Famed Sherwood site empty after revamp

Roundtop Station awaits sewer work

The historic Roundtop Filling Station in Sherwood, which was restored and is to become a police substation, sits vacant Wednesday.
The historic Roundtop Filling Station in Sherwood, which was restored and is to become a police substation, sits vacant Wednesday.

Fifteen months after its restoration was finished, Sherwood's historic Roundtop Filling Station remains vacant, waiting to be used as a police substation.

The former Roundtop Filling Station, placed on the National Register of Historic Places in 2008, is on a small, triangular piece of land where Trammel Road meets Roundtop Drive just west of Arkansas 161. It was restored using $128,000 in state Historic Preservation Restoration Grants, in addition to funds from the city, the Sherwood Chamber of Commerce and private contributors.

The station, built in 1936, is on a former section of U.S. 67 and is said to have been a popular stop between Little Rock and St. Louis. Arkansas 161 was part of U.S. 67 until the early 1960s when the present-day U.S. 67 was built about 11/2 miles west of the site.

The opening of the police substation has stalled over the cost of adding sewer services, Sherwood Mayor Virginia Young said Wednesday. The city is now waiting on written approval from the A̶r̶k̶a̶n̶s̶a̶s̶ ̶H̶i̶g̶h̶w̶a̶y̶ ̶a̶n̶d̶ ̶T̶r̶a̶n̶s̶p̶o̶r̶t̶a̶t̶i̶o̶n̶ ̶D̶e̶p̶a̶r̶t̶m̶e̶n̶t̶ state Health Department* to add a holding tank at one-tenth of the expense of installing a sewer line, Young said.

"Money for the holding tank was put into the 2016 [city] budget," Young said. "It will cost $3,000 to do that, and we can't finish the landscaping until we put in the holding tank. That would not make sense.

"It was going to cost $30,000 for there to be regular sewer service," she said. "A sewer line would have had to go under the street and would be pretty expensive. Spending $30,000 is quite a bit for that sized project."

A sign outside the station labels the building, with its distinctive red, inverted-cone-shaped roof, as "Sherwood Police Substation" with the city's logo in the center and the words "Historic Roundtop Filling Station" also included. A plaque on the building denotes the site as the "South Substation," rehabilitated in 2014.

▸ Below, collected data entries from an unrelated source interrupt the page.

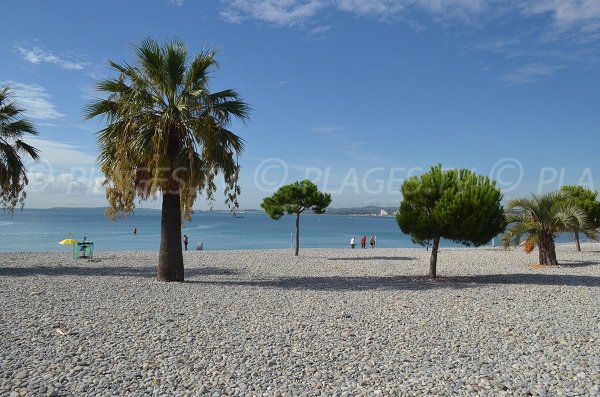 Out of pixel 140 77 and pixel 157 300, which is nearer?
pixel 157 300

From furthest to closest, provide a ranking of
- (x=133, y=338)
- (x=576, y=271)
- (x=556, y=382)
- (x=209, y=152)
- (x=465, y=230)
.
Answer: (x=576, y=271)
(x=465, y=230)
(x=209, y=152)
(x=133, y=338)
(x=556, y=382)

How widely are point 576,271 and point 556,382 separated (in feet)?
41.1

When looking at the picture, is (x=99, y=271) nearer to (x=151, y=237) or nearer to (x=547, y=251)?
(x=547, y=251)

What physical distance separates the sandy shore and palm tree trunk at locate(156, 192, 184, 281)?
729 millimetres

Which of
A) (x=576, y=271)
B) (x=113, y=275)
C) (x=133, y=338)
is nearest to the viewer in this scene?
(x=133, y=338)

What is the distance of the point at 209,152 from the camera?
432 inches

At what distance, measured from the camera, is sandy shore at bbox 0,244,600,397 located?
14.5 ft

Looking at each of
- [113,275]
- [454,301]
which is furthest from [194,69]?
[454,301]

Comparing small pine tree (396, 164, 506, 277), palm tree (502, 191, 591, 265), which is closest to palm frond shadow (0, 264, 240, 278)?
small pine tree (396, 164, 506, 277)

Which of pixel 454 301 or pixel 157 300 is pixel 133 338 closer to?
pixel 157 300

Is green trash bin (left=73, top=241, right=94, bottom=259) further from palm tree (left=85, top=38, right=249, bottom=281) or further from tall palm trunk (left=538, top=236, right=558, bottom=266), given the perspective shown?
tall palm trunk (left=538, top=236, right=558, bottom=266)

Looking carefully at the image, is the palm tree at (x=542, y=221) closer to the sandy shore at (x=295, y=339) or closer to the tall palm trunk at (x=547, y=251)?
the tall palm trunk at (x=547, y=251)

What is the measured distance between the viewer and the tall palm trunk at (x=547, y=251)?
56.2ft

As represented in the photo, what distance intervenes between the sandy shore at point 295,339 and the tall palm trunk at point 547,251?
5948mm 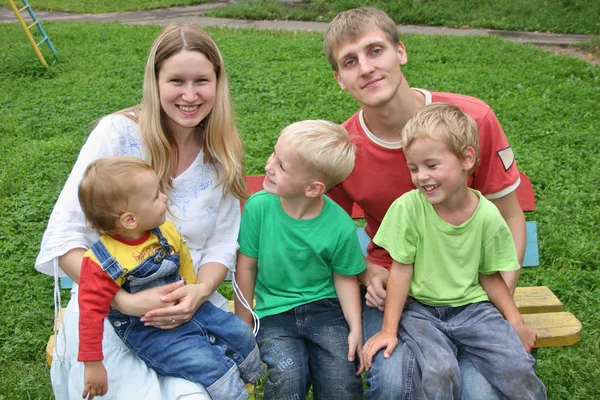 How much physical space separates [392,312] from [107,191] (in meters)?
1.19

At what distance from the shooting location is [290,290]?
2.99 meters

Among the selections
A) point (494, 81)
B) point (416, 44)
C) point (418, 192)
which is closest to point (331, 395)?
point (418, 192)

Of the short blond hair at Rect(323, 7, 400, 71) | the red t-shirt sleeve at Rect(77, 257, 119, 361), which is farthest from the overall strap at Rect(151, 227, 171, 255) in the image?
the short blond hair at Rect(323, 7, 400, 71)

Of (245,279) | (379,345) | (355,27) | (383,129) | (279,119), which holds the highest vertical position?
(355,27)

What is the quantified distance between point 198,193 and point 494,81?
6018 millimetres

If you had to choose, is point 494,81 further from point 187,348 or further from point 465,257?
point 187,348

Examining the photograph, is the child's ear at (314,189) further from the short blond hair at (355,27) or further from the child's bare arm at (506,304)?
the child's bare arm at (506,304)

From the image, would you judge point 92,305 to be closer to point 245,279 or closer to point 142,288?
point 142,288

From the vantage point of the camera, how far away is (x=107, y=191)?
2.44 metres

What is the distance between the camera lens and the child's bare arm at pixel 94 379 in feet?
8.06

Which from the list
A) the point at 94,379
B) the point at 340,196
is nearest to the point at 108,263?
the point at 94,379

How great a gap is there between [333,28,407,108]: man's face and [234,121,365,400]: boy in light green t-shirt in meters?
0.21

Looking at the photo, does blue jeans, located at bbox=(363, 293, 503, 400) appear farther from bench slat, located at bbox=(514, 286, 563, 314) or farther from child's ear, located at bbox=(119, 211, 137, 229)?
child's ear, located at bbox=(119, 211, 137, 229)

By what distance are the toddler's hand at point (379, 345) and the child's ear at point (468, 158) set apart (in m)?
0.72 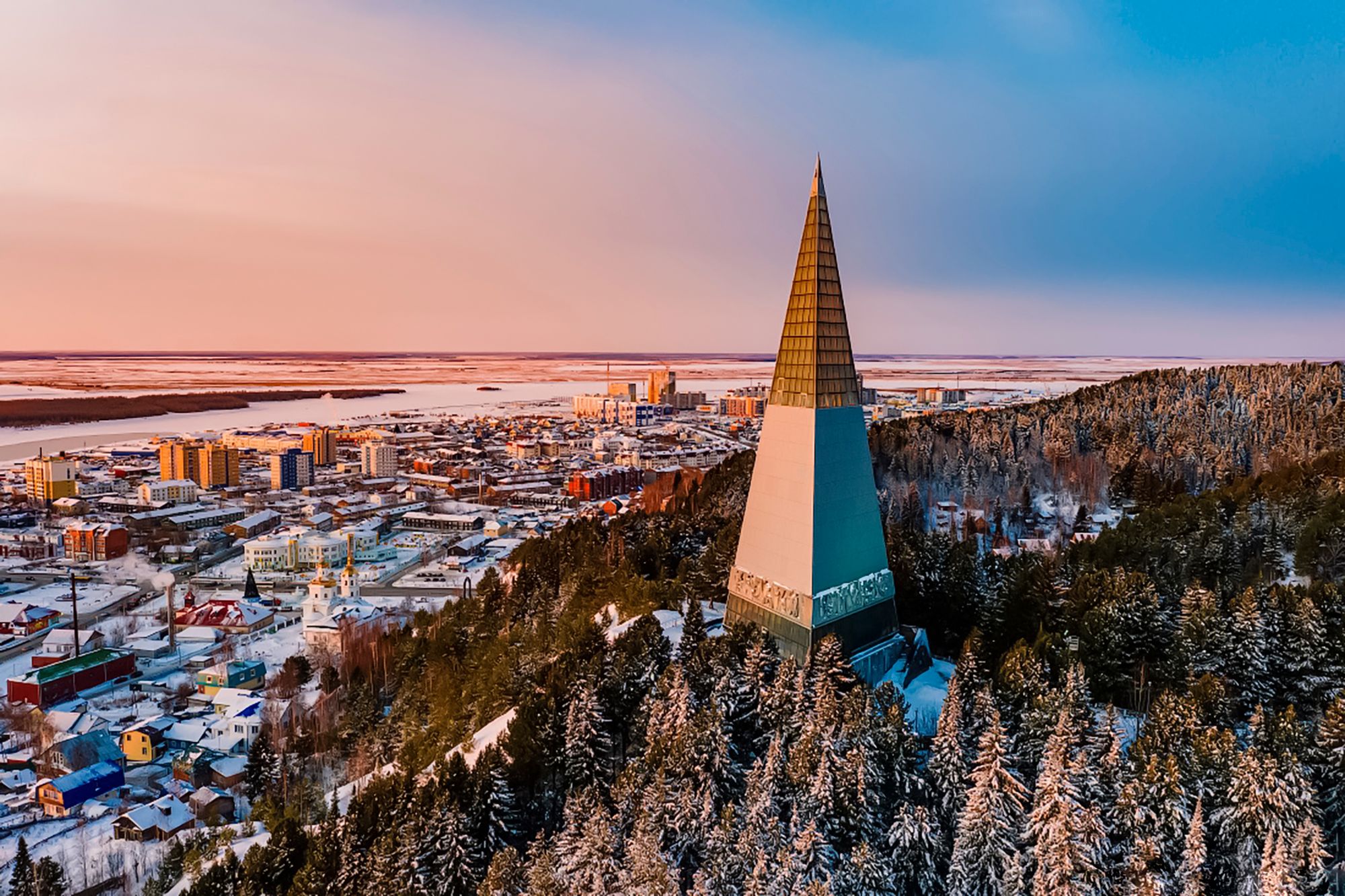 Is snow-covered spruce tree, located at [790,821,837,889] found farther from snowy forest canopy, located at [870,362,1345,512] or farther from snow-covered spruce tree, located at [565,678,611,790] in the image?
snowy forest canopy, located at [870,362,1345,512]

The nearly $200,000 restoration was the initial project of the Sherwood History and Heritage Commission that formed in 2013. The property was donated to the city in 1999. Restoration was completed in January 2015, after a Nov. 2, 2014, fire from suspected arson damaged its stucco and concrete walls.

Darrell Brown, who until recently was the commission's chairman and had overseen the Roundtop's restoration, said Wednesday that the building is being neglected. He called the city's delay "heartbreaking" because of the attention from state preservationists and the community support that the restoration received.

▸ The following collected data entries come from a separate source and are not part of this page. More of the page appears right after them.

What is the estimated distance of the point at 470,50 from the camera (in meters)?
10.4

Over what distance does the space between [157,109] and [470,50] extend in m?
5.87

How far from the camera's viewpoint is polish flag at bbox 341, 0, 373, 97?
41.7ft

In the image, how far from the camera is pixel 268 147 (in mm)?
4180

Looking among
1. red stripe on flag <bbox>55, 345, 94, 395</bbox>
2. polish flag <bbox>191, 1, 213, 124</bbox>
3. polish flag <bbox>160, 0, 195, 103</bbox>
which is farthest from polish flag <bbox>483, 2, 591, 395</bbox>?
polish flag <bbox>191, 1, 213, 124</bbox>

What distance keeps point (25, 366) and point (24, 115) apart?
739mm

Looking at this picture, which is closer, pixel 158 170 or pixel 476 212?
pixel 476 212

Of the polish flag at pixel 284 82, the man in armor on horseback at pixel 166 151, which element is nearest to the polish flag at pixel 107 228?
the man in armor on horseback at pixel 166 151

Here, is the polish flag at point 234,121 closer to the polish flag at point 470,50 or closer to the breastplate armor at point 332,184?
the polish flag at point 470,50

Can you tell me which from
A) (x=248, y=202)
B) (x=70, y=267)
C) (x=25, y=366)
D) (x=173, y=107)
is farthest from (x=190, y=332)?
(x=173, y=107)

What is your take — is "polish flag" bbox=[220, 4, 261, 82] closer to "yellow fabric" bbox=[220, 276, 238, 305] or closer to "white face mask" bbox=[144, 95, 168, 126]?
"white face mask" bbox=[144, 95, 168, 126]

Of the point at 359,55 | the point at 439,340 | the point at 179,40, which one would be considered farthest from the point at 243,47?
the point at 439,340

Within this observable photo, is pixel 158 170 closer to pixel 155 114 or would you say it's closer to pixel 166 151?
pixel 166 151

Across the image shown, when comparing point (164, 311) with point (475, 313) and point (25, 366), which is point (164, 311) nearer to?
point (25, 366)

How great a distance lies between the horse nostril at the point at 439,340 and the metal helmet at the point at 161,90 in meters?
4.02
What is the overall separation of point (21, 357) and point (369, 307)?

The small patches of grass on the property appeared to have been freshly trimmed Wednesday afternoon and the grounds were clean.

"The city just won't finish the project," Brown said, adding that the station originally contained a septic tank. "It's very sad and very heartbreaking. It also makes me pretty angry, not just for me, but for the hundreds of people and businesses who donated to it."

The Historic Preservation Alliance of Arkansas placed the Roundtop on its list of "most endangered places" for 2013, giving the project an urgency and needed publicity. The state awarded grants of $50,000 for the first phase of the restoration and $78,000 for the second phase. Paving bricks also were sold for $100 each that would include the donor's name, but they haven't been put into place, Brown said.

"I've had a lot of people call me and ask where are our bricks," Brown said. "I had really hoped the city would embrace it and use it as a tourist attraction and not just as a substation. You'd think the city leaders would take this [attention] and run with it. It's mind-blowing."

Young said Brown is no longer the city's "go-to person" for the project and isn't authorized to speak for the city. The city's plans for the Roundtop haven't changed, she said.

"It's not going to be a full-time utilized building anyway," Young said. "It never was intended to be that. It is still in our plans."

Metro on 04/07/2016

*CORRECTION: Sherwood is awaiting written authorization from the state Health Department for a sewage holding tank to complete renovations at the historic Roundtop Filling Station in Sherwood. This article misstated the agency that would authorize the holding tank.